Personal fouls (PF) include slashing, tripping, illegal body checking, cross checking, unsportsmanlike conduct, unnecessary roughness, and equipment violations. While a stick-check (where a player makes contact with the opposition player's stick in order to knock the ball loose) is legal, a slashing violation is called when a player viciously makes contact with an opposing player or his stick. An illegal body check penalty is called for any contact where the ball is further than 5 yards (4.6 m) for high school and 3 yards (2.7 m) [37] for youth from the contact, the check is from behind, above the shoulders or below the knees, or was avoidable after the player has released the ball. Cross checking, where a player uses the shaft of his stick to push the opposition player off balance, is illegal in field lacrosse. Both unsportsmanlike conduct and unnecessary roughness are subject to the officiating crew's discretion, while equipment violations are governed strictly by regulations. [30] Any deliberate intent to injure opponents risks immediate disqualification. The substitute must serve out the 1 minute.

Technical fouls

Technical fouls include holding, interference, pushing, illegal offensive screening (usually referred to as a "moving pick"), "warding off", stalling, and off-sides. A screen, as employed in basketball strategy, is a blocking move by an offensive player, by standing beside or behind a defender, to free a teammate to shoot, or receive a pass; as in basketball players must remain stationary when screening.

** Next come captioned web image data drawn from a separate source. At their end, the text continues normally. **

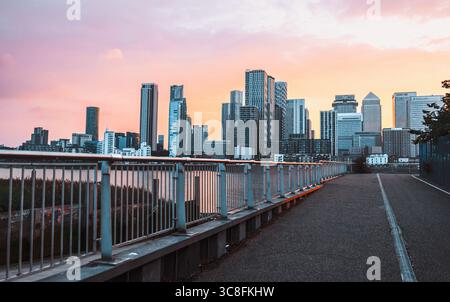 Sunset over Canary Wharf skyline, London, with dramatic clouds and golden light. Stock Photo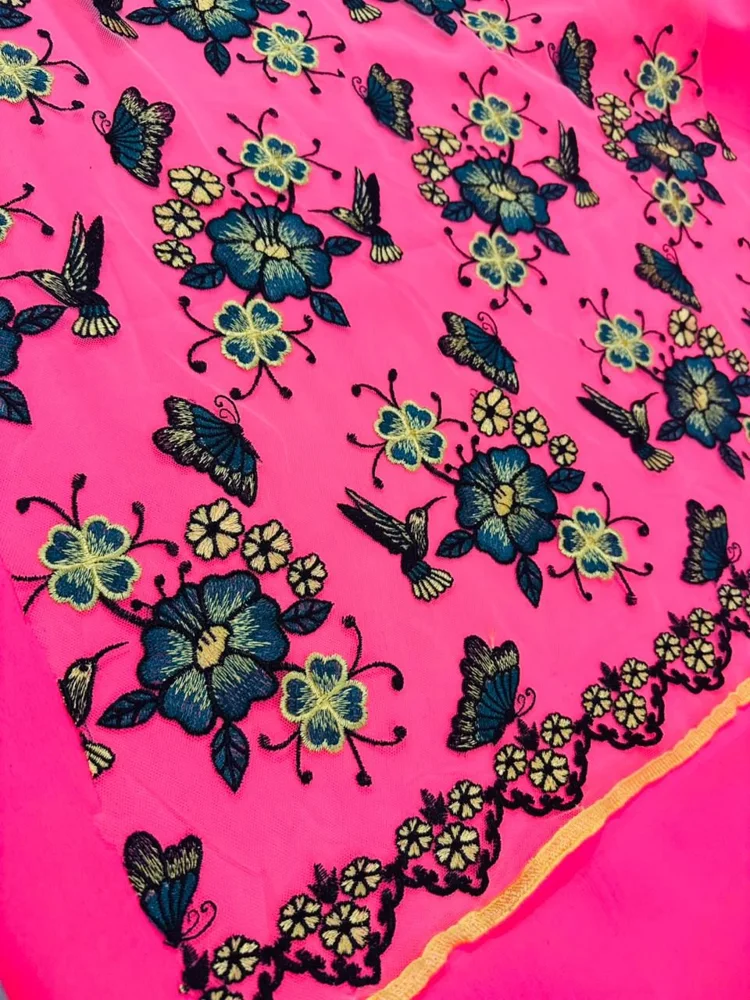 Detalle de bordado floral sobre tela rosada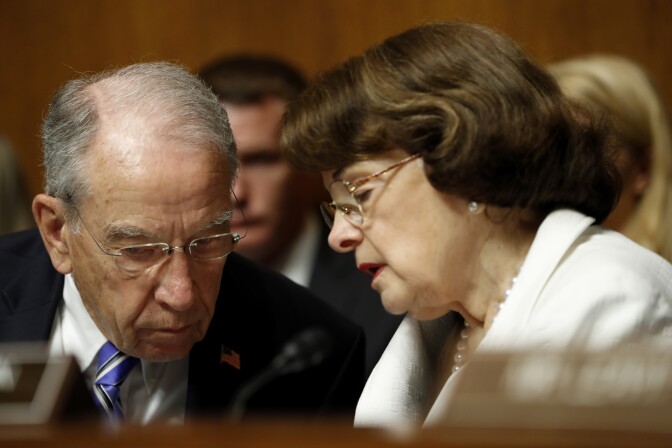 Senate Judiciary Committee Chairman Sen. Chuck Grassley, R-Iowa, talks with the Committee's ranking member Sen. Dianne Feinstein, D-Calif., on Capitol Hill in Washington, Wednesday, July 12, 2017, during the committee's confirmation hearing for FBI Director nominee Christopher Wray.  (AP Photo/Pablo Martinez Monsivais)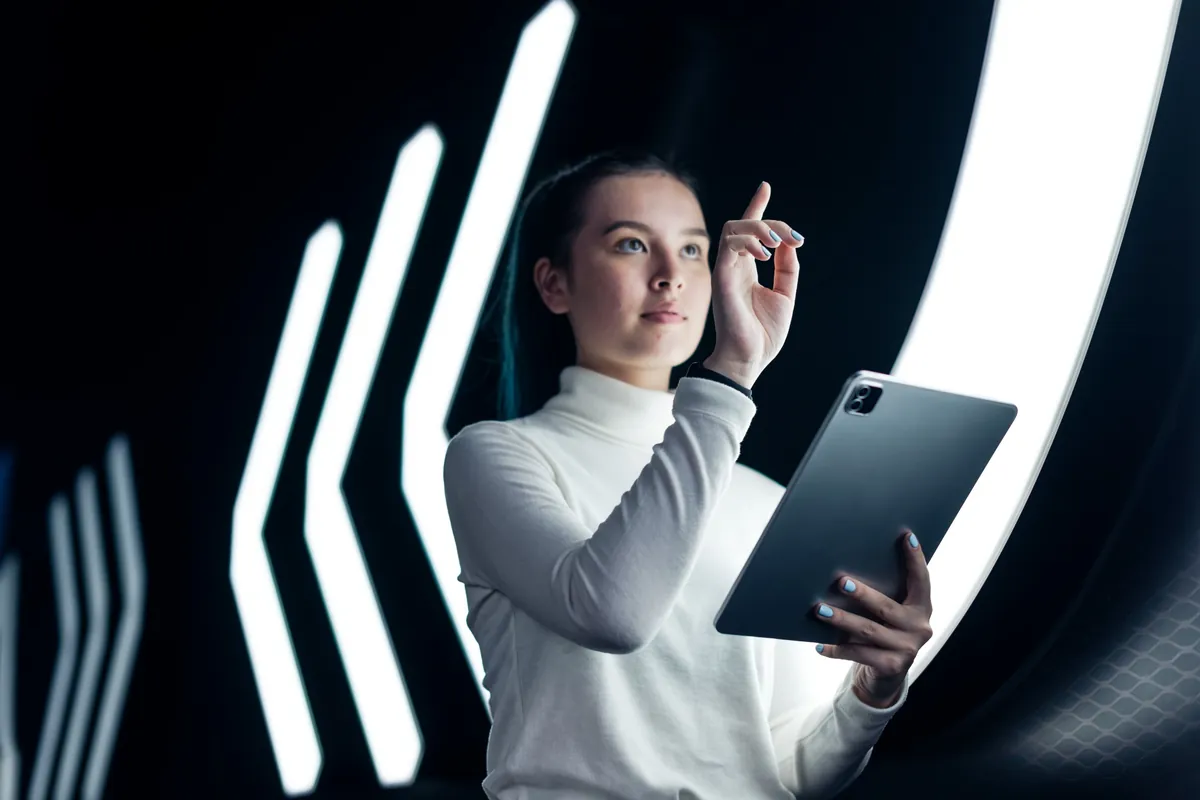 Profissional jovem usando tecnologia futurista com tablet, simbolizando as habilidades do futuro com IA.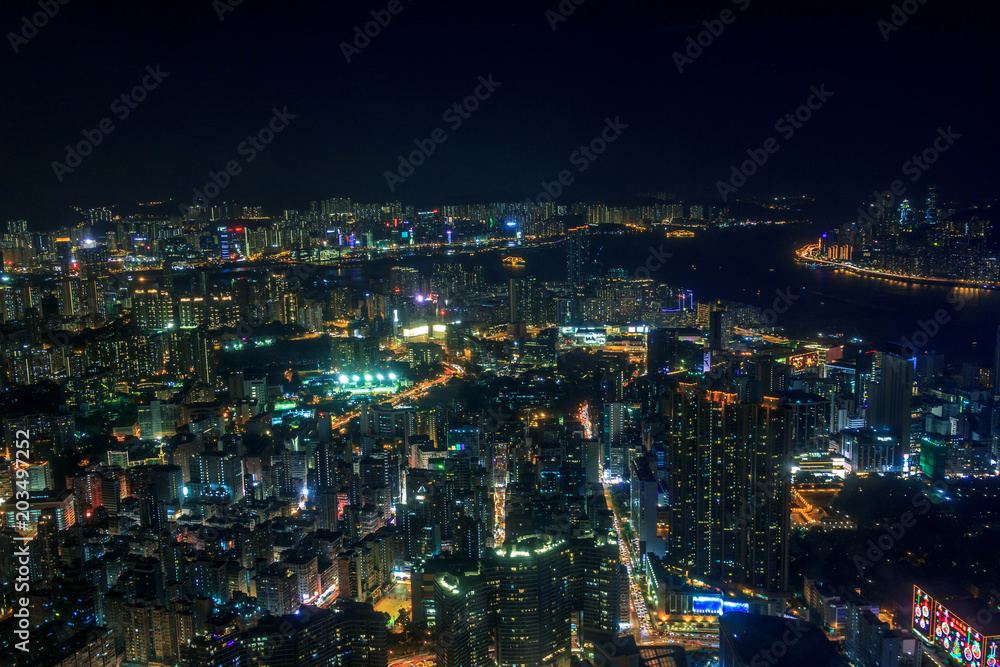 Cityscape of Kowloon with colourful lights in futuristic style Cityscape of Kowloon with colourful lights in futuristic style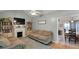 Living room with a fireplace, sofas, and built-in shelving at 154 Jared Dr, Fuquay Varina, NC 27526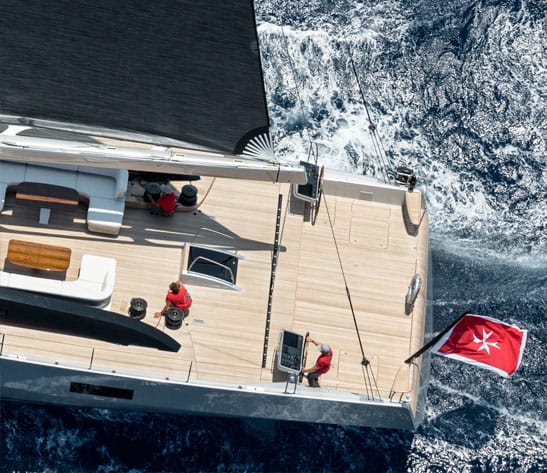 Aerial view of a sailing yacht deck with crew and a Maltese flag at the stern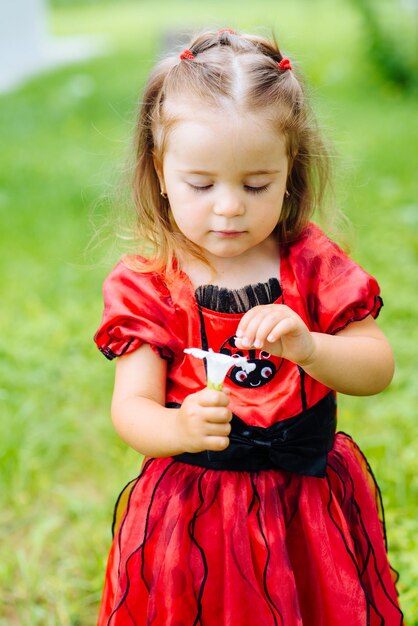 Jolie petite fille vêtue d'une longue robe rouge jouant et s'amusant sur une pelouse verte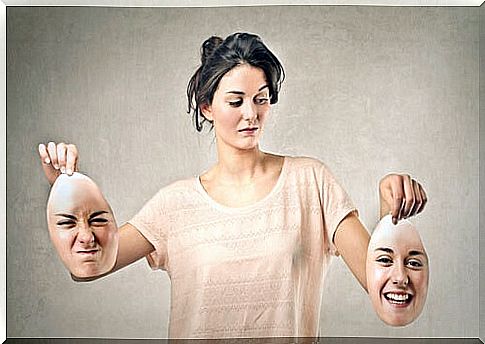 Woman holding two faces one angry and the other smiling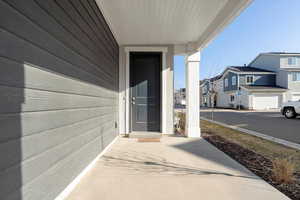 Entrance to property with a garage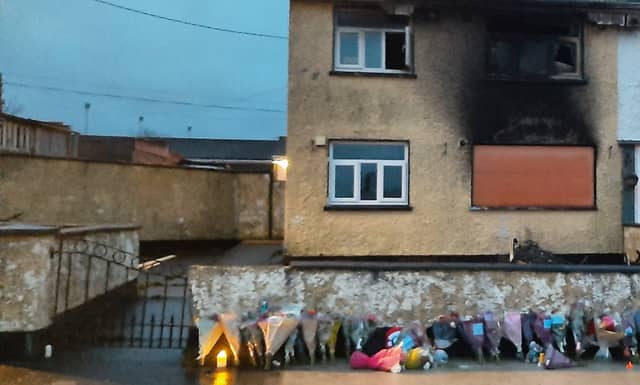 Flowers outside the house in Edenderry after it was firebombed in December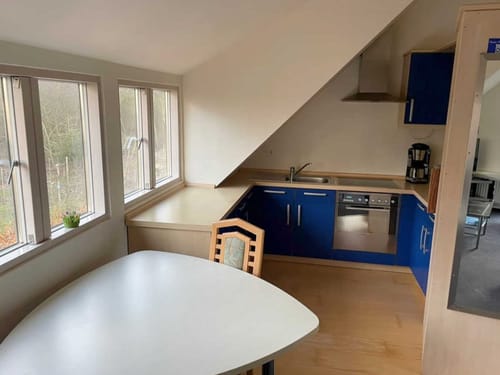 Helle Dachgeschossküche mit blauen Schränken, Esstisch und großen Fenstern mit Blick ins Grüne.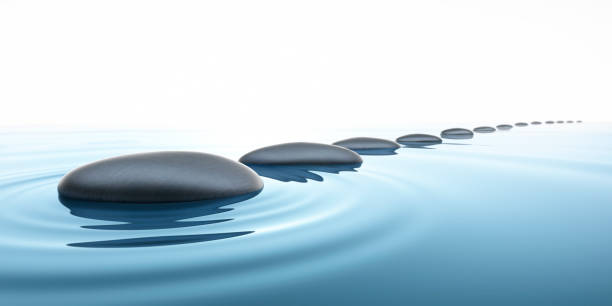 istock Stones in calm water - light scene 1337611377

Warding off occurs when an offensive player uses his free hand to control the stick of an opposing player.

Offside has a unique implementation in field lacrosse. [38] Instituted with rule changes in 1921, it limits the number of players that are allowed on either side of the midfield line. [14] Offside occurs when there are fewer than three players on the offensive side of the midfield line or when there are fewer than four players on the defensive half of the midfield line (note: if players are exiting through the special-substitution area, it is not to be determined an offside violation). [25]

A technical foul requires that the defenseman who fouled a player on the opposing team be placed in the penalty box for 30 seconds. As with a personal foul, until the penalty time expires, no replacement for the player is allowed and the team must play one man short. The player (or a replacement) is allowed to reenter the game once the time in the penalty box is over and the team is thus once again at full strength.

Domestic competition

College lacrosse, a spring sport in the United States, saw its earliest program established by New York University in 1877. [39] The first intercollegiate tournament was held in 1881 featuring four teams: New York University, Princeton University, Columbia University, and Harvard University. This tournament was won by Harvard. [7] [40] The United States Intercollegiate Lacrosse Association (USILA) was created in 1885, and awarded the inaugural Wingate Memorial Trophy to the University of Maryland as national champions in 1936. The award was presented to the team (or teams) with the best record until the National Collegiate Athletic Association (NCAA) instituted a playoff system in 1971. [41] [42] The NCAA sponsored its premier Men's Lacrosse Championship with the 1971 tournament where Cornell University defeated University of Maryland in the final. [43] In addition to the three divisions in the NCAA, college lacrosse in the United States is played by non-varsity Men's Collegiate Lacrosse Association and National College Lacrosse League club teams. [44] [45] [46]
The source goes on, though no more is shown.